> **Work order**:
Each line of the records that includes "Property" should be found and copied.

> **Material for this task**:

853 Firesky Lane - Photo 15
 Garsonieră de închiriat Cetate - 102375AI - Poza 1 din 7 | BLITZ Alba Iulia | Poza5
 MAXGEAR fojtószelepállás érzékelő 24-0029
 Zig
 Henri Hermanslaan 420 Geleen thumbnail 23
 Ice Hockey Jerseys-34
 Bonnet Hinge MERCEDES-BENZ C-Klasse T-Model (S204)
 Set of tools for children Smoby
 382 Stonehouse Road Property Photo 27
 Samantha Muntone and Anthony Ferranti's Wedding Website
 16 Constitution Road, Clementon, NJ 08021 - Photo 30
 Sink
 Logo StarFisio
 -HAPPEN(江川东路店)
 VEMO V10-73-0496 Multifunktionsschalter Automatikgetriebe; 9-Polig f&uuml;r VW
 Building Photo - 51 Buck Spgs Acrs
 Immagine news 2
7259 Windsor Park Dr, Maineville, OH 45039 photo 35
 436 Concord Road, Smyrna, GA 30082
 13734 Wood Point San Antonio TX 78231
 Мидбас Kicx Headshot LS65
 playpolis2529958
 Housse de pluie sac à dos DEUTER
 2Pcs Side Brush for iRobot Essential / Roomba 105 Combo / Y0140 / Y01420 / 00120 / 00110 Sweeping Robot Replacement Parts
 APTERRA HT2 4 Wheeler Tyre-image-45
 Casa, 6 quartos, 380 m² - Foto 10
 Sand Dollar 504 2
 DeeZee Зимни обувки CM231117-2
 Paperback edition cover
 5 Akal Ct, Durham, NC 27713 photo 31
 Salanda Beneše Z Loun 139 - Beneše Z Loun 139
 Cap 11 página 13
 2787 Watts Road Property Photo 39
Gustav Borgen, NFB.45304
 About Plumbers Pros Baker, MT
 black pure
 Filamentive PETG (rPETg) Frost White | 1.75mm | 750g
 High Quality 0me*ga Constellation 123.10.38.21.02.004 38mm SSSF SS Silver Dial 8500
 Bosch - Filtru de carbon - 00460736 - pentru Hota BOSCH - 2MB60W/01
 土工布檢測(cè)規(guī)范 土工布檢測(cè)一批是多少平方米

> **Solution for this problem**:
 382 Stonehouse Road Property Photo 27
 2787 Watts Road Property Photo 39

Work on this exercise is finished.